Economies today are increasingly built on ideas. Consider, for example, commercial aviation. After a flight, Southwest Airlines can unload and reload passengers to get the same airliner back in the air in about 10 minutes – this is half the time the same process took in the 1970s. As the economist John Cochrane explains, this achievement is as much about ideas and know-how as it is about technology. Southwest Airlines, and many other carriers after them, have been able to expand their output because they now have more efficient protocols for ‘turning planes’ between flights.
In 2018 Paul Romer won the Nobel Prize in Economics “for integrating technological innovations into long-run macroeconomic analysis”. Romer first fleshed out this observation in his seminal 1990 paper, titled “Endogenous Technological Change”. At the heart of his contributions was precisely this observation: the diffusion of ideas fosters economic and productivity growth.1
Romer’s theory of “endogenous growth” – placing ideas at the heart of economic technologies – made economists ask entirely new questions about the drivers of growth. Where do ideas come from? How do ideas spread?
Economists have asked these questions of the data, and their findings suggest social networks play a key role. Friendship and professional ties matter for economic growth because people tend to develop new ideas by interacting and learning from others who are close to them.
In a nutshell, social networks facilitate the diffusion of ideas across individuals and firms, and because of this, they play an important role in productivity growth. Here’s how this works.
Economic theory suggests we should expect social connections to have an effect on productivity via “knowledge spillovers”.
The basic idea is that social connections make it easier for knowledge to travel farther and faster. Knowledge is different from many physical assets, in that it can be used by many people at the same time; so the diffusion of knowledge creates productivity gains that spillover through society. As Thomas Jefferson once said: “He who receives an idea from me, receives instruction himself without lessening mine; as he who lights his taper at mine, receives light without darkening me”.2
What is the empirical value of this theory?

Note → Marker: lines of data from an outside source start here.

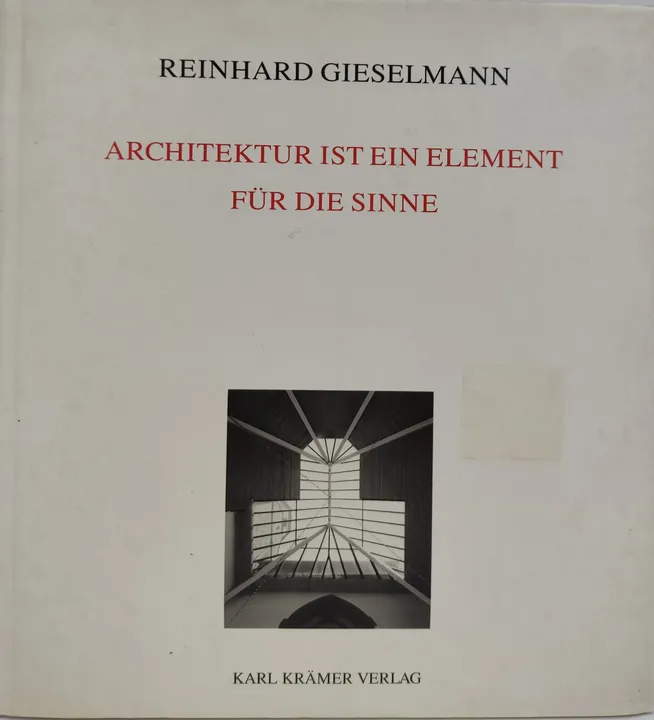 Architektur ist ein Element für die Sinne. Bauten und Schriften - Reinhard Gieselmann - Bild 1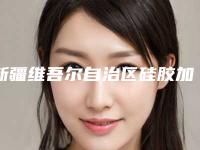 新疆维吾尔自治区硅胶加耳软骨隆鼻医院排名榜前十名权威名单公布（新疆维吾尔自治区硅胶加耳软骨隆鼻整形医院）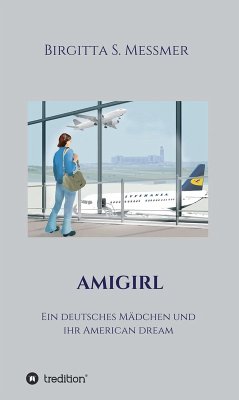 AMIGIRL (eBook, ePUB) - Messmer, Birgitta S.
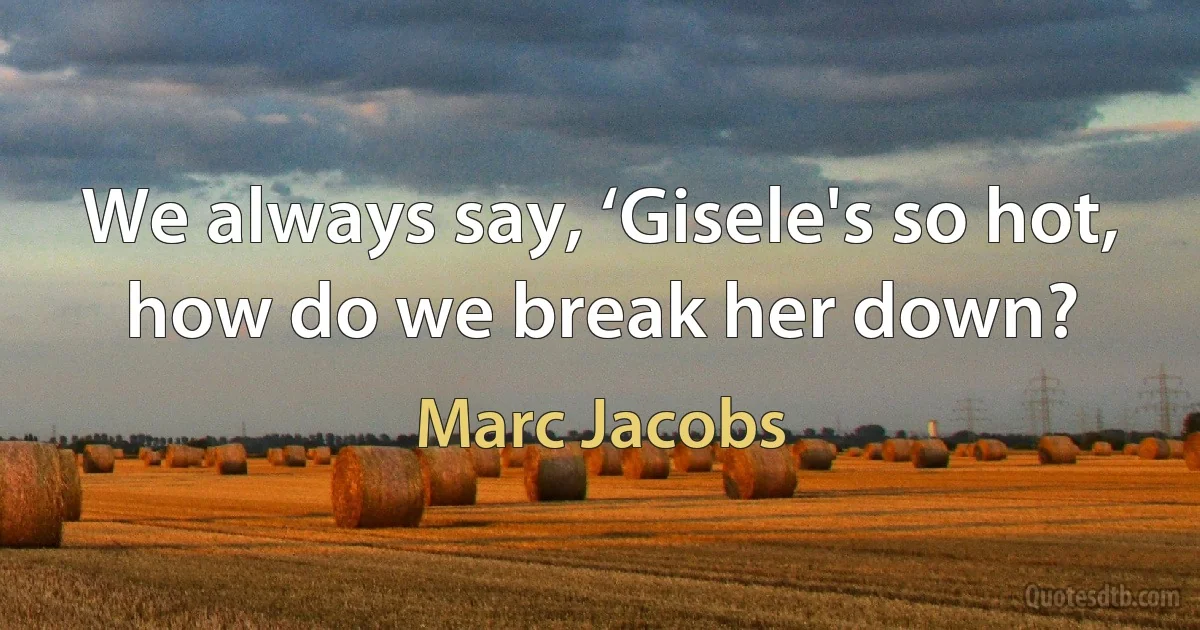 We always say, ‘Gisele's so hot, how do we break her down? (Marc Jacobs)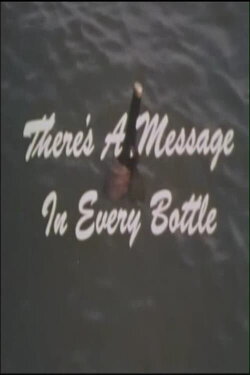 There's A Message In Every Bottle (1969) There's A Message In Every Bottle (1969)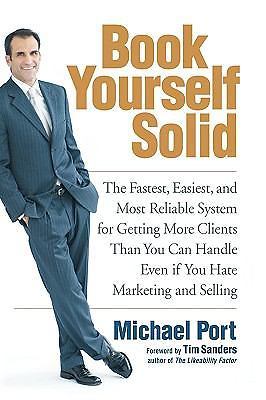 Book Yourself Solid: The Fastest, Easiest, and Most Reliable System for Getting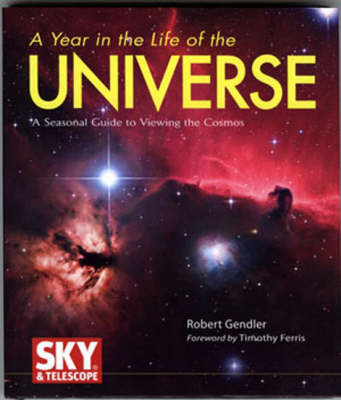 A Year in the Life of the Universe: A Seasonal Guide to Viewing the Cosmos (Hardback)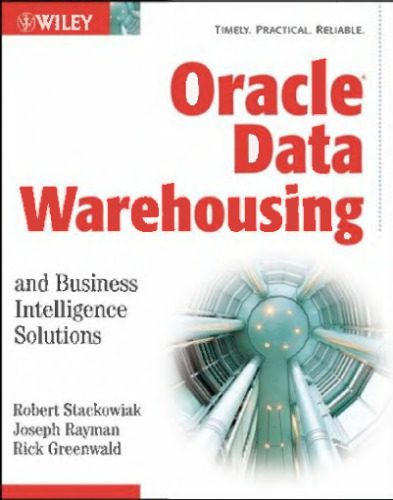 خرید و دانلود نسخه کامل کتاب Oracle Data Warehousing and Business Intelligence Solutions فایل مجازی و دانلودی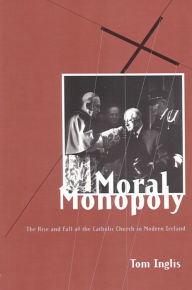 Title: Moral Monopoly: Rise and Fall of the Catholic Church in Modern Ireland: Rise and Fall of the Catholic Church in Modern Ireland, Author: Tom Inglis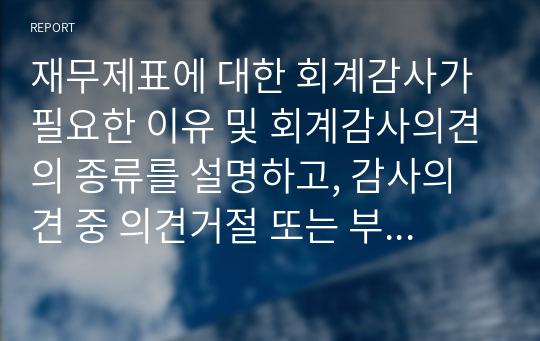 재무제표에 대한 회계감사가 필요한 이유 및 회계감사의견의 종류를 설명하고, 감사의견 중 의견거절 또는 부적정의견이 제시된 사례를 찾아 1가지만 제시하시오.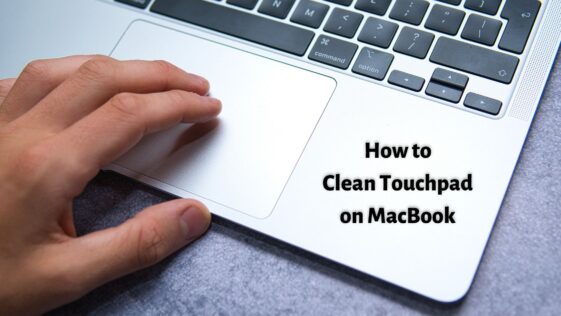 How to Clean Touchpad on MacBook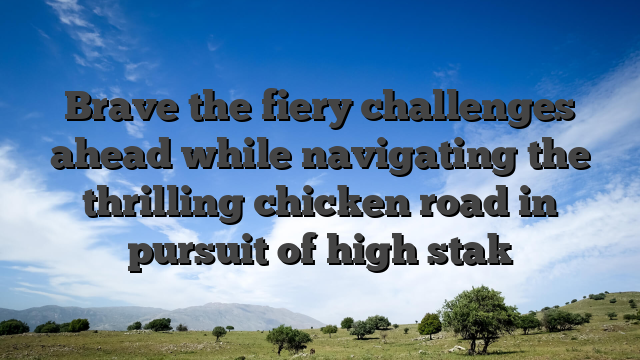 Brave the fiery challenges ahead while navigating the thrilling chicken road in pursuit of high stak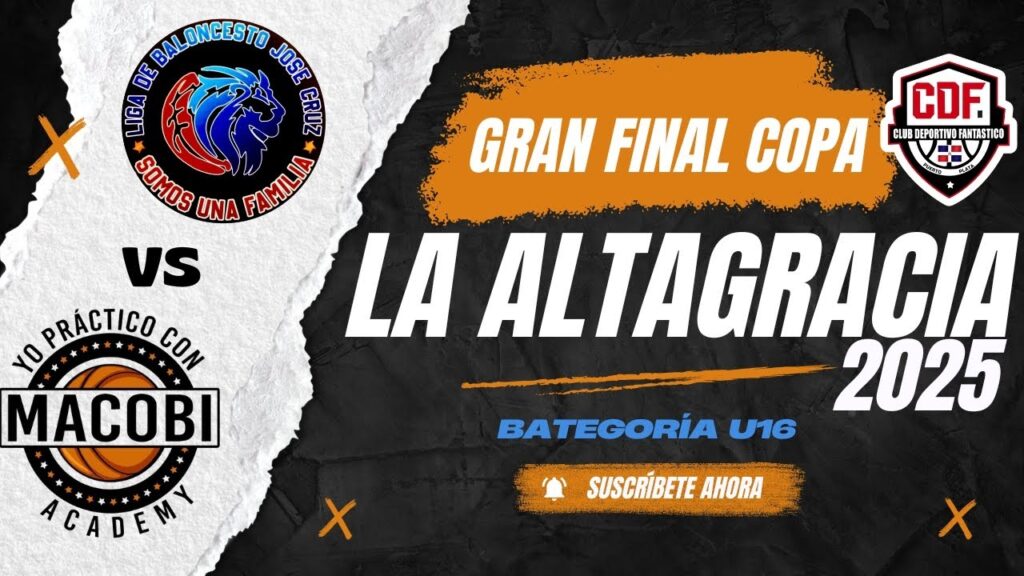 JOSÉ CRUZ (MOCA) vs MACOBI (SAN CRISTOBAL) / COPA LA ALTAGRACIA 2025 - Gran Final U16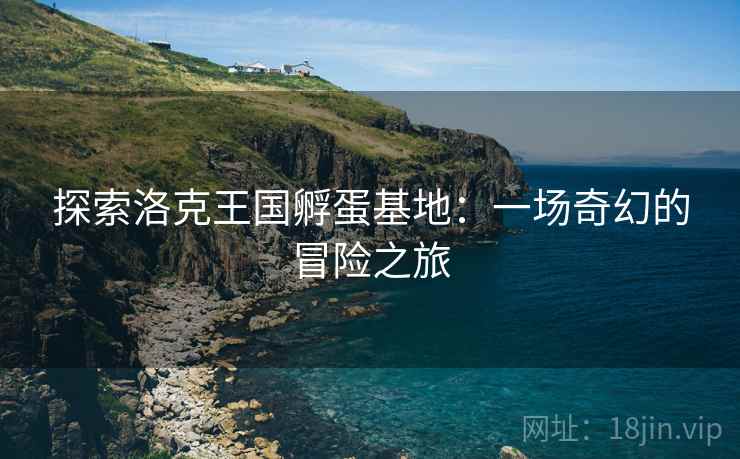 探索洛克王国孵蛋基地：一场奇幻的冒险之旅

What do ‘knowledge spillovers’ actually look like in the real world? Do scientists and engineers really rely on social connections to disseminate their new ideas and inventions?
To answer these questions economists have looked into historical data from patents.

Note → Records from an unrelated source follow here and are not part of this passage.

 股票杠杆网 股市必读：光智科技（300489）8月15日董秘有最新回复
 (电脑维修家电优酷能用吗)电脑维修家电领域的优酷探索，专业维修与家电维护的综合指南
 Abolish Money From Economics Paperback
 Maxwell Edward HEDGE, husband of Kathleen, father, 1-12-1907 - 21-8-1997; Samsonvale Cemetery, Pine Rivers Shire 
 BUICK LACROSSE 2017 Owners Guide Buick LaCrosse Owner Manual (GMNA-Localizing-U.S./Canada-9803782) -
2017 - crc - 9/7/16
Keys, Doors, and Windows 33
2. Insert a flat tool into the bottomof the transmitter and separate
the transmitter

Patents are government licences used to register the intellectual property of new inventions, ranging from machines to medical drugs. When a patent application is filed, inventors are required to include a list of citations, in which they describe how their technological development builds upon the results of earlier patents. These historical records of patent citations give us an overview of how knowledge flows – patent citations are the ‘paper trail’ left by ideas as they travel, evolve, and make new ideas possible.
One of the first analyses of patent citations in the context of knowledge spillovers was done by Adam Jaffe, Manuel Trajtenberg and Rebecca Henderson, in a much-cited paper published in the Quarterly Journal of Economics in 1993.3
Jaffe and coauthors studied, in particular, the geographic distribution of citation patterns in the US.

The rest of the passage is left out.